If it's in cover, then I'm having to deal with a maximum of 9 models a turn dying. That's something I can afford to live with, and it means it's not tying up my squads in close combat. I tend to ignore it, and hug cover anyway. Together I can pretty much put up with a hiding Wraithlord.


----------



## darklove (May 7, 2008)

If they are MCs then they don't get the same benefit from area cover as infantry because they use the same cover rules as vehicles. So if you can see more than 50% of it then it does not get a cover save in area terrain.


----------



## Steel Nathan (Apr 26, 2008)

Wraithlords, fun fun fun . 

Generally, anything with S5, AP3 and such as for shooting can take them down. The Imperial has their high powered Russ's, the (Chaos)Marines have their meltas/plasma's, Missiles (krak of course ) and lascannon goodness (basically from the Pred and LR, Dreadies if you want something cheap). Nids have the Venom Cannons made by a Carni or a Hive Tyrant. Necrons have their monoliths and heavy destroyers while the tau has... yeah(railguns >.>). 
Orks also have thier missiles and crap, but seeing that they can hit with them in the first place . (Dark)Eldar has their lances and other wonders. 

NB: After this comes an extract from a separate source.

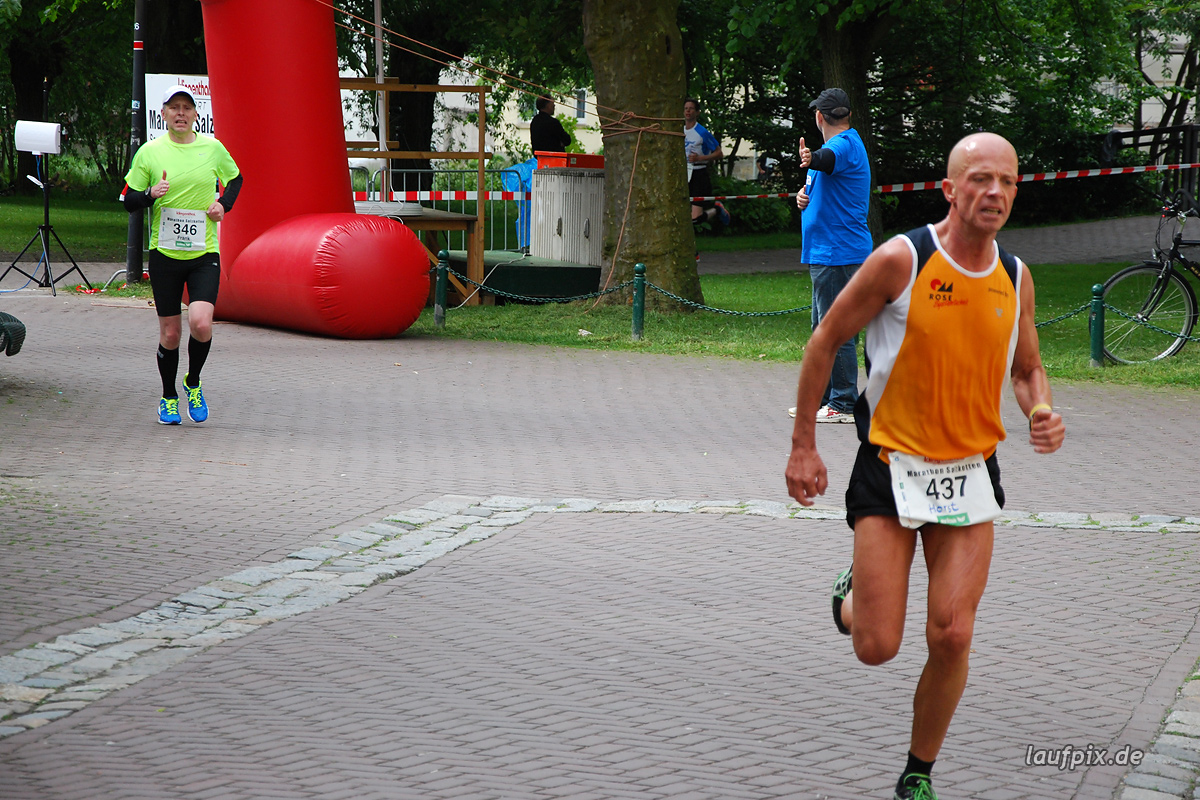 Salzkotten Marathon 2013 - 76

For Close Combat wise, anything with Rending, Poison, or powerfists can do the trick (Close combat is honestly the better way to go, the WL sucks in combat, sadly...). (Chaos)Marines have powerfists and dreads, Orks have their Nob powerfists(scary crap) while the deamons have their attack wonders* shudders*. Tau... let's skip them. IG... basically power fists is all they have. Eldar have their witchblades and Wraithlords (irony). Necrons have the C'tan. 

And that's all I got really k:


----------



## Sieg (Dec 3, 2007)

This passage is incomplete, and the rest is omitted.